かつて早川町内では、集落から遠く離れた山の奥まで耕作していた。焼畑もあった。そういった畑で作った麦や雑穀が、米の少ない時代の主食であった。
当時の食生活の話の中には、様々な「粉」が登場する。小麦、ソバ、アワ、キビ、ヒエ、モロコシ、サツマイモ、大豆に小豆。
それらは、かつて各集落にあった「車屋」「挽き屋」「搗き屋」などと呼ばれる水車小屋で脱穀・製粉された。粉になった麦や雑穀類は、麺になったり団子になったり、焼かれたり蒸されたり……。
こういった料理に対して、当時を生きてきた人たちの評価は「それしか食べるものがなかったからね」あるいは「毎日食べさせられて、いやだったよ」というのが一般的。そんな中、「小豆粥がおいしくて好きだったよぉ」と話す、茂倉(もぐら)集落の阿部那加子さんに出会った。
小豆粥ってどんなもの?
百聞は一見に如かず。「そんなにおいしいのなら、ぜひ食べてみたい」と那加子さんにお願いし、再現してもらうことになった。小豆粥を通して、山人の知恵の詰まった食文化、「粉食」に迫る。
40年もしないよ
今回、小豆粥を作って下さいと頼んだ時、「今は車屋がないから(小豆を挽けないので)作れないよ」と言われ、粉はこちらで用意するので、ということになっていたのだ。「とろ火で時間かけて煎ると小豆のうまみが出るですよ」というアドバイスを思い出しながら、前日に小豆を煎って、粉にした。
二人が粉をなめる。
「ちぃと若くねーけぇ?」「そうさなぁ、ちぃと若いなぁ」
花子さんが、「小豆粥はもう三十年も四十年もしないよ」と言いつつサツマイモを切る。
「四つくれーに切るけー?」「おお、そうだな、四つくれーだな」
鍋にたっぷりのお湯が沸いた所に、サツマイモを入れた。
味が重なって味が出る
那加子さんがそこに取り出してきたのは塩。
「塩を入れるんですか?」と尋ねる取材班に、「塩入れな、味ねぇら?」
その通り。小豆とサツマイモと聞いて、取材班はてっきり甘い料理だと思っていた。食事だったので塩味の方が好まれたということに加え、かつては砂糖が貴重だった、という事情もあるようだ。
サツマイモが柔らかくなってきた所で塩を入れる。
「ちょっとなるい(薄い)ら、まだ」と言う花子さんに、「なるい方がいいよ」と那加子さん。

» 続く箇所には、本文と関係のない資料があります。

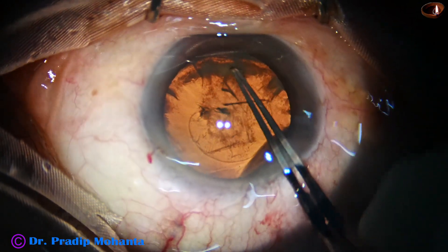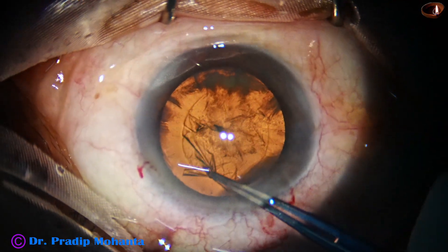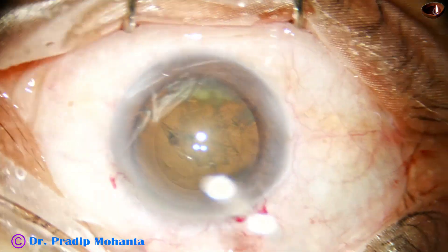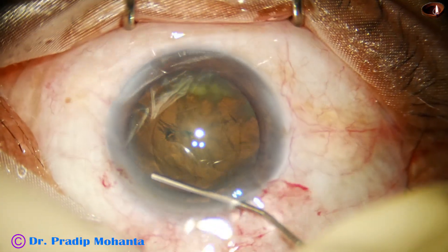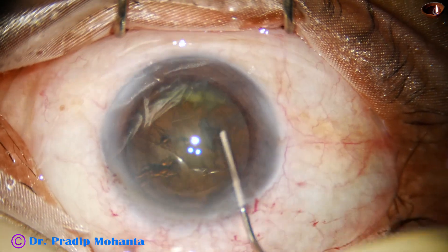Capsulorhexis is done with the help of a Utrata forceps; the size of this rhexis is about five millimeters. Hydrodissection is done with a syringe and a 27-gauge cannula.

花子さんは「みんなの味が重なって味がでてくるからね。塩と、さつまの甘みと、小豆の香ばしい味とね」と言う。
完成!そして試食
いよいよ小豆の粉を入れる。昔、水車小屋で使っていたというふるいを那加子さんが持ってきた。それを使って鍋全体に粉をふるい入れる。
箸で混ぜていると、全体がぽこぽこと沸いてきた。
「ねぇっつら(煮えたでしょ)」「生しくはないな」「固くなるぞ」
二人で「いいか」「いいな」と出来を確かめ、ついに小豆粥が完成!ほんの二十分程度のスピードクッキングだった。
最後はみんなで試食。
小豆の味と塩気が、サツマイモの甘さに合っておいしい。昔は茶碗に三杯は食べたという。
今回、小豆粥を作ってもらって、それは、少ない材料と時間でいかにおいしいものを食べるかという知恵とともに、山で畑をしていた頃の苦労や喜びが小豆粥に詰まっているからではないかと感じた。